Met pluimen die geen veren zijn gooit dit prehistorische reptiel de evolutie overhoop

Om maar met de deur in huis te vallen: het zijn géén veren, de ruim vijftien centimeter lange pluimen waarmee het in bomen levende reptiel Mirasaura grauvogeli zo’n 247 miljoen jaar geleden op z’n rug rondliep. Wat de vergroeiingen dan wél zijn? Vermoedelijk een extravagant communicatiemiddel, concludeert een internationaal team van paleontologen deze week in Nature op basis van enkele fossielen.

De vondst gooit daarmee de huidige evolutionaire inzichten overhoop: al ver voor de vogels en de zoogdieren waren reptielen in staat tot het vormen van complexe ‘versieringen’.

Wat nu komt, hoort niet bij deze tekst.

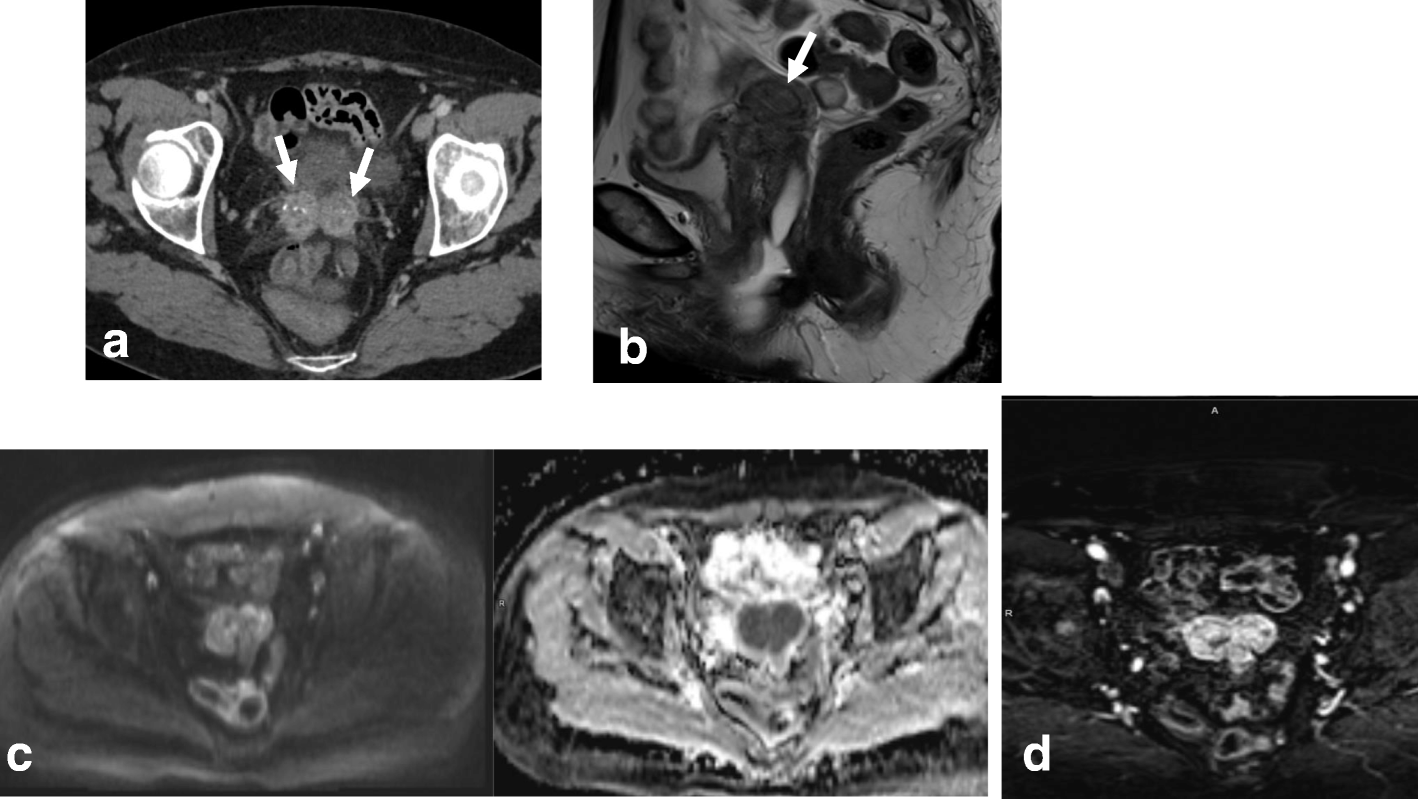 Fig. 23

Vogels, zoogdieren en reptielen behoren allemaal tot een overkoepelende groep gewervelden, de amnioten. Bij de embryo’s binnen die groep ontstaat de lichaamsbedekking grofweg op dezelfde manier, maar de uiteindelijke verschijningsvorm is heel anders: veren, haren of schubben. En hoewel inmiddels algemeen geaccepteerd is dat vroege voorlopers van huidige vogels – de dinosauriërs – óók veren hadden, gingen wetenschappers ervan uit dat andere fossiele reptielen het moesten doen met simpele schubben.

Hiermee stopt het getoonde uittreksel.